Cela fait partie des défis qui attendent le gouvernement de la Prix Nobel de la paix Aung San Suu Kyi, au pouvoir depuis quelques mois.

Tout comme la reconstruction des hôpitaux et des routes, des secteurs négligés pendant les décennies de junte.

Rangoun, première ville du pays, compte 189 sites relevant des monuments historiques, selon la municipalité, dépourvue de tout service de préservation des bâtiments historiques.

Les risques liés à des rénovations non encadrées sont réels, dans un contexte où les propriétaires du Vieux-Rangoun ont de plus en plus conscience de la plus-value qu’ils peuvent tirer de travaux tape-à-l’oeil.

Le cafetier Aung Thu pense lui-même à moderniser son petit café, afin d’attirer une clientèle plus haut de gamme, riches Birmans ou touristes de plus en plus nombreux à visiter la Birmanie. « Le bâtiment est parfait désormais, alors je vais bientôt développer mon café. Mon rêve va se réaliser », confie-t-il.

Contre-exemple à éviter pour les amoureux du patrimoine historique: le site de Bagan, dans le centre de la Birmanie, objet d’une rénovation débridée.

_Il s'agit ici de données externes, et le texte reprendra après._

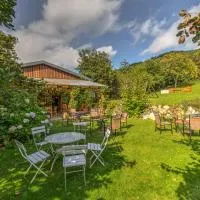 Pension Auf der Olk mit Röpertsmühle – hotel w mieście Veldenz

Ce complexe de milliers de pagodes, dont certaines ont près de mille ans, reste une destination privilégiée des touristes, mais il fait partie des centaines de monuments qui ont été rénovés à la hâte ces dernières années, en utilisant des matériaux modernes.

Les experts craignent que les dommages de ces restaurations rapides ne soient irréversibles et qu’ils n’entament les chances de Bagan d’être classé un jour par l’Unesco au patrimoine mondial de l’humanité.